** BRIEF **
Below are the entries to work from; restate word for word the portion that opens with the line containing "Young LA W521" and closes with the line containing "2 Pack Hollow", keeping both.

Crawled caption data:
==============================
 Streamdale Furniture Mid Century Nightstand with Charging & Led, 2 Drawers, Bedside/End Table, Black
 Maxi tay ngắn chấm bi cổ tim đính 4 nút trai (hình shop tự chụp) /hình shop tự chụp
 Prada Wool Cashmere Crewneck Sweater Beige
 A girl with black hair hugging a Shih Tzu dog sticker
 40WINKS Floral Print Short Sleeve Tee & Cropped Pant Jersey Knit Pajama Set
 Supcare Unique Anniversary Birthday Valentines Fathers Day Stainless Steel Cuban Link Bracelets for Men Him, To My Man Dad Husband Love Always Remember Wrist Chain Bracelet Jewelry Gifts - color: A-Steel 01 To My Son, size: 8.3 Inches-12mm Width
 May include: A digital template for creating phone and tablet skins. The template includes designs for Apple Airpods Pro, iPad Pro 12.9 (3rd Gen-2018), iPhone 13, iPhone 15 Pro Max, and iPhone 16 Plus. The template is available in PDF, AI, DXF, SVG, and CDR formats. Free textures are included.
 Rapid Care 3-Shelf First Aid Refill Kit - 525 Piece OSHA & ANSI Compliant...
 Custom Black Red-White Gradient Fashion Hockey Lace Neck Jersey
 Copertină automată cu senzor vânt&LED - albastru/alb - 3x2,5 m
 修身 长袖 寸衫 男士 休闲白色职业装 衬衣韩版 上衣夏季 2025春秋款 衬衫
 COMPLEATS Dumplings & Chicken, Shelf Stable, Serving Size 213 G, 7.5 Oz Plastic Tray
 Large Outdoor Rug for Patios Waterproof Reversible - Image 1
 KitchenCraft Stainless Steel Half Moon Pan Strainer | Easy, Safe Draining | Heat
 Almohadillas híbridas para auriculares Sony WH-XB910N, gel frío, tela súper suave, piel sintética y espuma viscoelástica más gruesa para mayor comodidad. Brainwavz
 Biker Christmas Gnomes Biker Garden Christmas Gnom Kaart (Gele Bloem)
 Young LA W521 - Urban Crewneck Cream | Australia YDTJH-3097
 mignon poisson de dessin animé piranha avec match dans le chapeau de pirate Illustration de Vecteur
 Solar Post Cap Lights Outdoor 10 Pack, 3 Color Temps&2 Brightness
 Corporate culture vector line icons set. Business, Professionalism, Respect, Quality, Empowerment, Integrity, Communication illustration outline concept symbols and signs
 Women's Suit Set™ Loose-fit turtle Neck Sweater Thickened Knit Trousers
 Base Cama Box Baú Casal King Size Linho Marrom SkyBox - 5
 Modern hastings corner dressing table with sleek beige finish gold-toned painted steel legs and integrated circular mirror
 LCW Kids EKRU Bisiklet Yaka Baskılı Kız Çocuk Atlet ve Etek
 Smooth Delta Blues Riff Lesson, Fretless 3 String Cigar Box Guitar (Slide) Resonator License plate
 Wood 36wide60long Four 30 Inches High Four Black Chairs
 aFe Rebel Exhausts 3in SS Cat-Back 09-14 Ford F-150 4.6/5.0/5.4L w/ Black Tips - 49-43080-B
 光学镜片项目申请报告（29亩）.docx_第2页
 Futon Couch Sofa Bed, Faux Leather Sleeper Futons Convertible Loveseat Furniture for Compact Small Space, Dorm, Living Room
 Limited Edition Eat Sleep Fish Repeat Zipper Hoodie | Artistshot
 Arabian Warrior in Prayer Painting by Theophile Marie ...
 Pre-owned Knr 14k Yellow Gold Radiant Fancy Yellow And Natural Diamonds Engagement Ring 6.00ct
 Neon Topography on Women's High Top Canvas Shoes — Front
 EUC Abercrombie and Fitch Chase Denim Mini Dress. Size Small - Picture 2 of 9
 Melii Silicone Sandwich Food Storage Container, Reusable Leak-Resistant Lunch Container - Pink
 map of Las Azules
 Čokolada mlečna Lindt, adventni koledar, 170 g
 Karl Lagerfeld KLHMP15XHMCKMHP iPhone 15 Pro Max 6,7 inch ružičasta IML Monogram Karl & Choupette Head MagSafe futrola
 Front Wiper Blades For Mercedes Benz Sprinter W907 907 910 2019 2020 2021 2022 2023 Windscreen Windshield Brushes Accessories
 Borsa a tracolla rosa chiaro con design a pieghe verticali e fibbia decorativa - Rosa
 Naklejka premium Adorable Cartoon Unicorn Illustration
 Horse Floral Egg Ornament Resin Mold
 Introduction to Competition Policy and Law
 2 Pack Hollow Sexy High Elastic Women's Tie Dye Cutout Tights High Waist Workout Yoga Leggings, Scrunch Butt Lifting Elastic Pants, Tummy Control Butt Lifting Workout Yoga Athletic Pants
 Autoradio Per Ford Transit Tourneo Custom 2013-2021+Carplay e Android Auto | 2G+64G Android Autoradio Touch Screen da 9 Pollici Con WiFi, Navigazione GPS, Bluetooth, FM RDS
==============================
** WRITTEN RESPONSE **
 Young LA W521 - Urban Crewneck Cream | Australia YDTJH-3097
 mignon poisson de dessin animé piranha avec match dans le chapeau de pirate Illustration de Vecteur
 Solar Post Cap Lights Outdoor 10 Pack, 3 Color Temps&2 Brightness
 Corporate culture vector line icons set. Business, Professionalism, Respect, Quality, Empowerment, Integrity, Communication illustration outline concept symbols and signs
 Women's Suit Set™ Loose-fit turtle Neck Sweater Thickened Knit Trousers
 Base Cama Box Baú Casal King Size Linho Marrom SkyBox - 5
 Modern hastings corner dressing table with sleek beige finish gold-toned painted steel legs and integrated circular mirror
 LCW Kids EKRU Bisiklet Yaka Baskılı Kız Çocuk Atlet ve Etek
 Smooth Delta Blues Riff Lesson, Fretless 3 String Cigar Box Guitar (Slide) Resonator License plate
 Wood 36wide60long Four 30 Inches High Four Black Chairs
 aFe Rebel Exhausts 3in SS Cat-Back 09-14 Ford F-150 4.6/5.0/5.4L w/ Black Tips - 49-43080-B
 光学镜片项目申请报告（29亩）.docx_第2页
 Futon Couch Sofa Bed, Faux Leather Sleeper Futons Convertible Loveseat Furniture for Compact Small Space, Dorm, Living Room
 Limited Edition Eat Sleep Fish Repeat Zipper Hoodie | Artistshot
 Arabian Warrior in Prayer Painting by Theophile Marie ...
 Pre-owned Knr 14k Yellow Gold Radiant Fancy Yellow And Natural Diamonds Engagement Ring 6.00ct
 Neon Topography on Women's High Top Canvas Shoes — Front
 EUC Abercrombie and Fitch Chase Denim Mini Dress. Size Small - Picture 2 of 9
 Melii Silicone Sandwich Food Storage Container, Reusable Leak-Resistant Lunch Container - Pink
 map of Las Azules
 Čokolada mlečna Lindt, adventni koledar, 170 g
 Karl Lagerfeld KLHMP15XHMCKMHP iPhone 15 Pro Max 6,7 inch ružičasta IML Monogram Karl & Choupette Head MagSafe futrola
 Front Wiper Blades For Mercedes Benz Sprinter W907 907 910 2019 2020 2021 2022 2023 Windscreen Windshield Brushes Accessories
 Borsa a tracolla rosa chiaro con design a pieghe verticali e fibbia decorativa - Rosa
 Naklejka premium Adorable Cartoon Unicorn Illustration
 Horse Floral Egg Ornament Resin Mold
 Introduction to Competition Policy and Law
 2 Pack Hollow Sexy High Elastic Women's Tie Dye Cutout Tights High Waist Workout Yoga Leggings, Scrunch Butt Lifting Elastic Pants, Tummy Control Butt Lifting Workout Yoga Athletic Pants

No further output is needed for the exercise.